Zo’n beeld zet je aan het denken: „Ze hebben een lege horizon”… Die studenten kijken naar hun toekomst en zien op hun levenshorizon dus alleen maar leegte, zonder oriëntatiepunten van een hoger doel of van hogere waarden waar ze zich op kunnen richten. Een uitzichtloos leven, zonder verwachtingsvol toekomstperspectief, dat daardoor als zinloos ervaren kan worden. Gestempeld door somberheid, die versterkt wordt door de dreiging van de vele crises die via de media dagelijks over hen uitgestort wordt.
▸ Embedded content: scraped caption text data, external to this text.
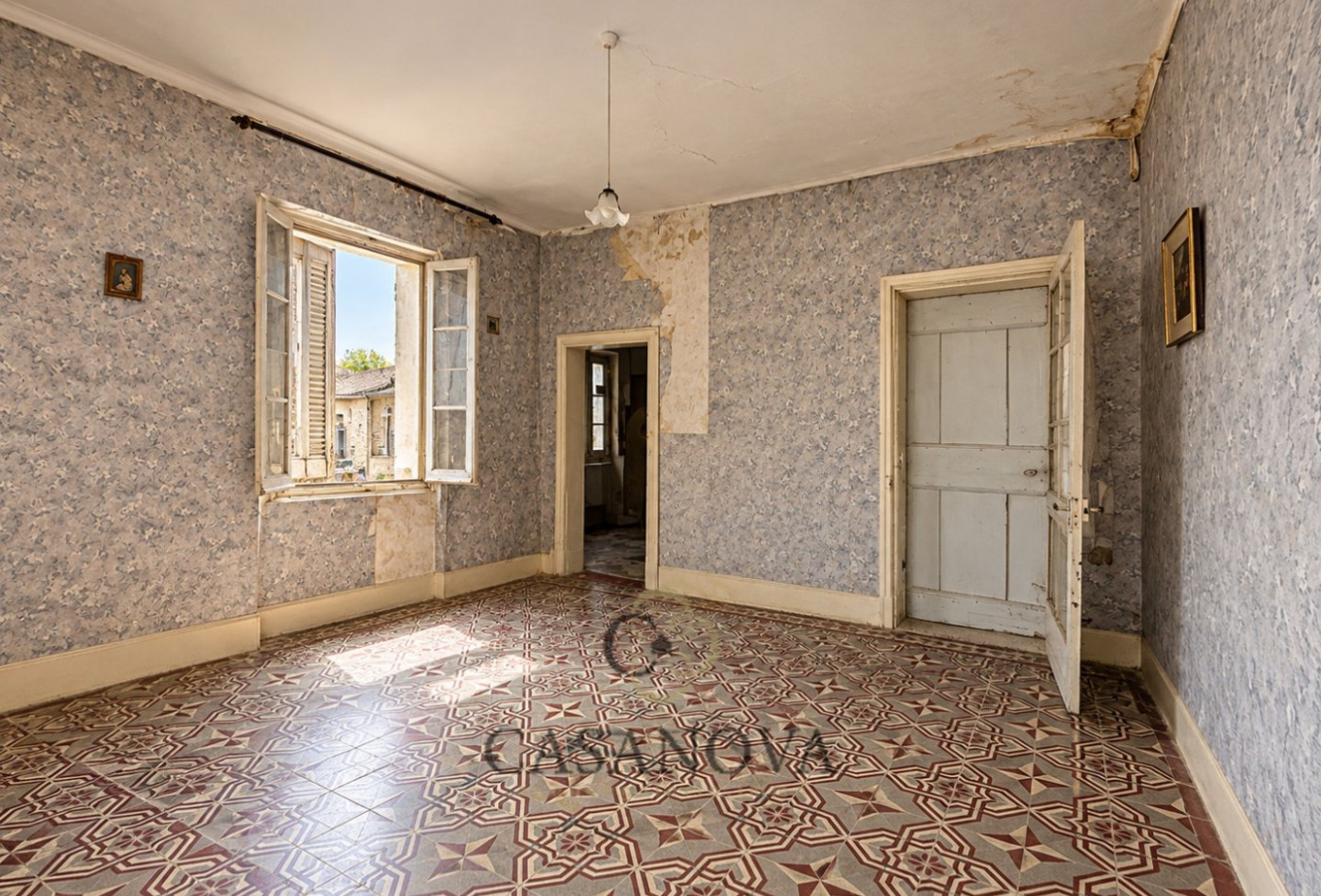 vente Maison Montpellier - Photo 10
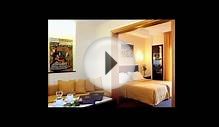 Best Western Museum Hotel, Athens, Greece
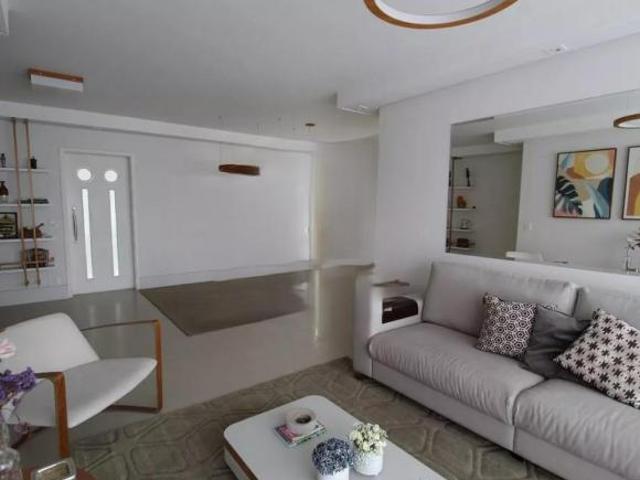 Apartamento venda em Região Imediata de Ribeirão Preto, Região Metropolitana de Ribeirão Preto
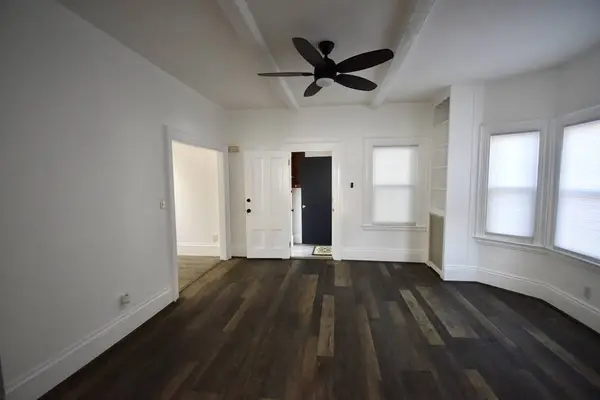 15 County St #1, Peabody, MA 01960
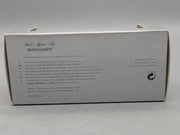 Modellautos 1:43 Minichamps VW T5 California Friesen Grün mit Dealer OVP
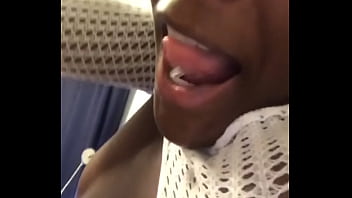 Rasathi Sex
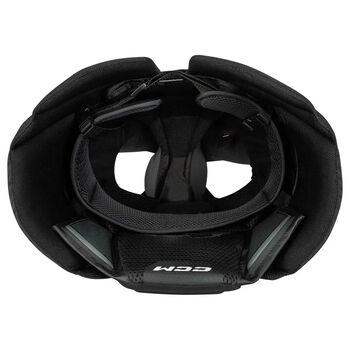 Culotte gardien CCM F9 intermédiaire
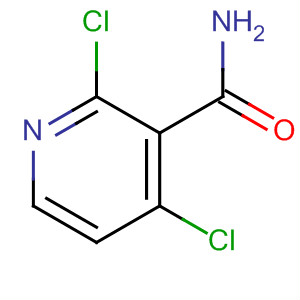 2,4--Y(ji)(gu)ʽ_70593-56-5Y(ji)(gu)ʽ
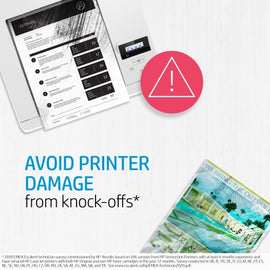 Cartouche de toner noir HP 139A LaserJet d'origine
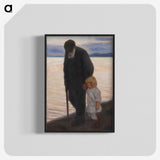 1-23_Hugo-Simberg_blk-crop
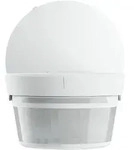 Busch-Jaeger 6851/22S-134 Busch-W&auml;chter&reg; PRO 220&deg; Wireless (Bluetooth)
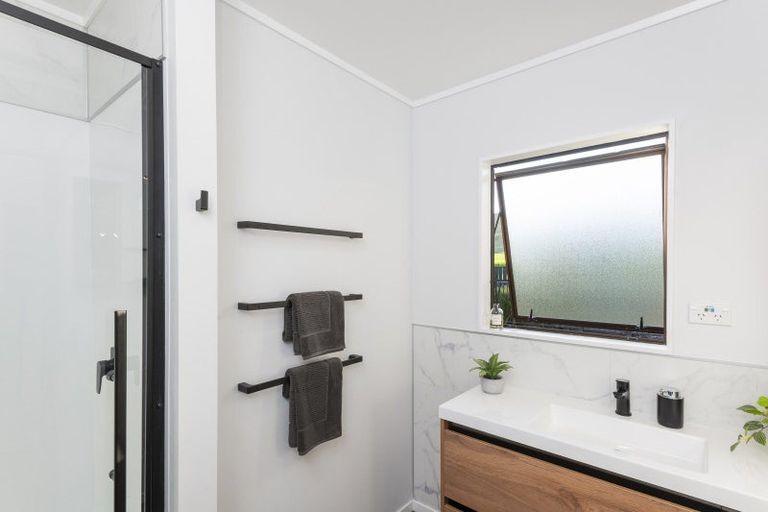 Photo of property in 749 Kanakanaia Road, Te Karaka, 4091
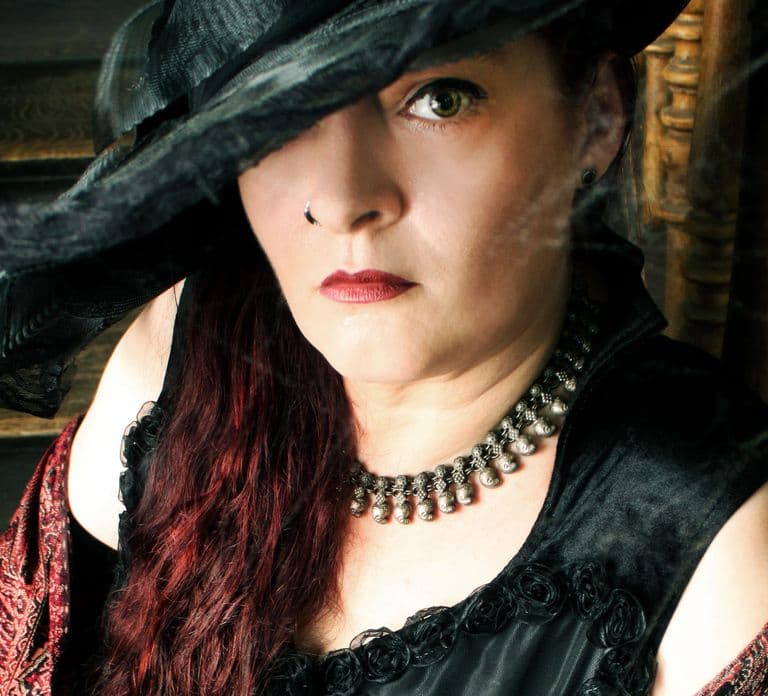 Gruseltour Leipzig: A Haunted Guided Tour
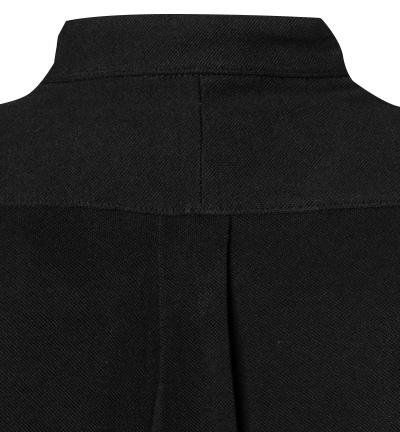 Polo Ralph Lauren Hemd 710742468/001 Image 2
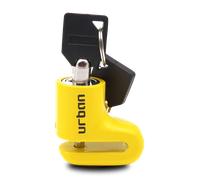 §Bloqueo de Disco de Freno URBAN Mini 564A§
Of door persoonlijke traumatische ervaringen die ze eerder hebben opgedaan. Nooit uitzicht op iets beters of mooiers. Zelfs het verlangen daarnaar dooft uit.
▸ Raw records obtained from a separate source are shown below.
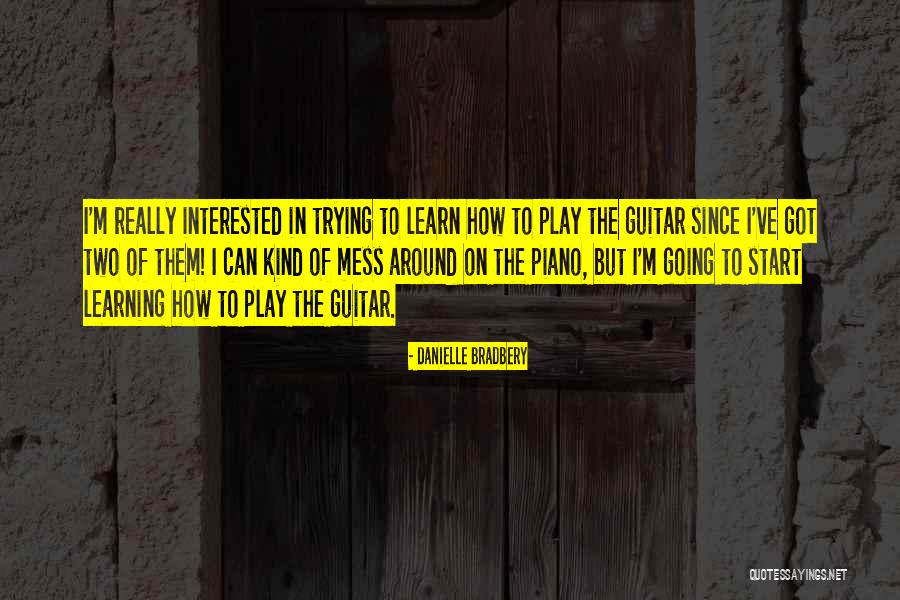 Blackwolf Run Quotes By Danielle Bradbery Blackwolf Run Quotes By Danielle Bradbery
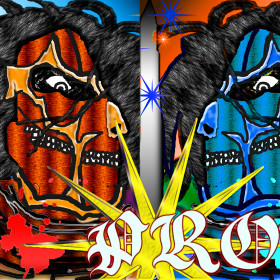 couverture jeu vidéo TitanSumoPro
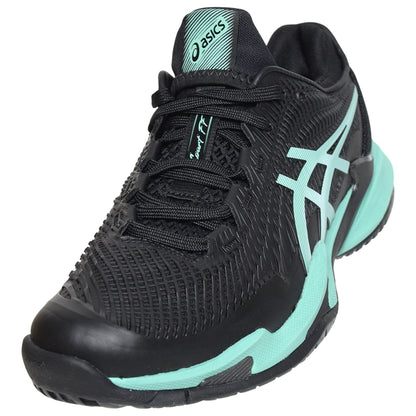 Asics Men's Court FF 3 1041A370-002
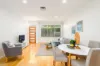2/23 Solander Street, Monterey, NSW 2217-Image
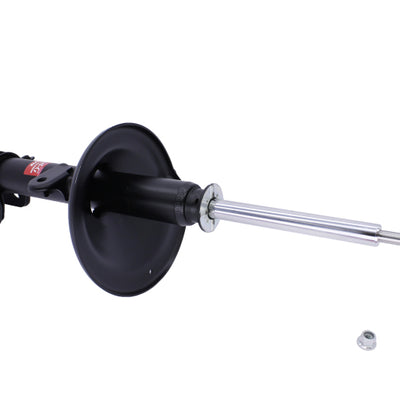 KYB Shocks & Struts Excel-G Front Right ACURA MDX 2001-02 HONDA Pilot 2003-08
Het raakt je als je ziet dat jonge mensen op zo’n manier aan het begin van hun volwassen leven staan. Dat ze het moeten doen met hun levensvervulling in het hier en nu, zonder diepere zingeving. Dat het ”pluk de dag” de norm is. Ja, maar hoe doe je dat als je het leven als doel- en zinloos ervaart? Waarom zou je je dan nog ergens voor inspannen? Sommigen dompelen zich onder in ongeremd genot van drank en seks, anderen vluchten in de verdoving door (hard)drugsgebruik, of doen daadwerkelijk een poging om hun leven te beëindigen – in sommige gevallen helaas met fataal gevolg. Aangrijpend.
Je vraagt je dan terecht af wat de oorzaak van die ”lege horizon” is. De mogelijkheid van persoonlijke traumatische jeugdervaringen laten we hier rusten. Uit de hulpverleningspraktijk is genoeg bekend hoe die een mensenleven kunnen beschadigen en soms zelfs verwoesten. Het gaat mij in deze bijdrage om de verantwoordelijkheid die we als samenleving dragen.
Die verantwoordelijkheid begint bij de opvoeding door de ouders. Je zult als kind en later als puber maar opgevoed worden met de boodschap dat je zélf wat van je leven moet maken – met als gevolg een enorme prestatiedruk. Dat je zélf kiest of je gelooft in hogere waarden dan die van je eigen tijd en leven – zonder dat je geleerd wordt dat God je leven leidt, dat Hij je wil redden, dat je Hem moet volgen en dat alleen daarin je ware levensgeluk gelegen is.
Een platte pedagogiek, uitsluitend gericht op je korte aardse bestaan, zonder hoop op een leven ná dit leven. Die benadrukt wordt door de maatschappelijke norm die zelfontplooiing centraal stelt en gericht is op individualisering – waardoor je nog meer teruggeworpen wordt op jezelf. Die je via sociale media, reclamespotjes en filmpjes voortdurend in de richting duwt van behoeftebevrediging in het hier en nu. Die het kortetermijndenken stimuleert en daardoor het perspectief op iets hogers blokkeert. Dan is het niet zo verwonderlijk dat werkelijk houvast en perspectief ontbreekt, en dat zelfbeschikking over je leven vanzelfsprekend wordt.
Kunnen wij als christenen in deze seculiere samenleving iets doen om die ”lege horizon” te veranderen? Ja en nee. Zo’n verandering zal in elk geval nooit het resultaat zijn van onze inspanningen. Bovendien kunnen we niet alle jongeren die opgroeien in een seculiere omgeving bereiken. Maar we kunnen wel aan ieder met wie we in aanraking komen, laten zien dat er meer is dan behoeftebevrediging hier en nu. Dat er wél perspectief is, uitzicht op iets beters en hogers. Door onze levenshouding en -stijl. Door zoutend zout te zijn. Door vrij- en blijmoedig te getuigen, allereerst met de daad en waar mogelijk met woorden. En door te bidden voor hen die lijden –of zelfs dát niet– onder hun lege horizon.
De auteur is Tweede Kamerlid voor de SGP.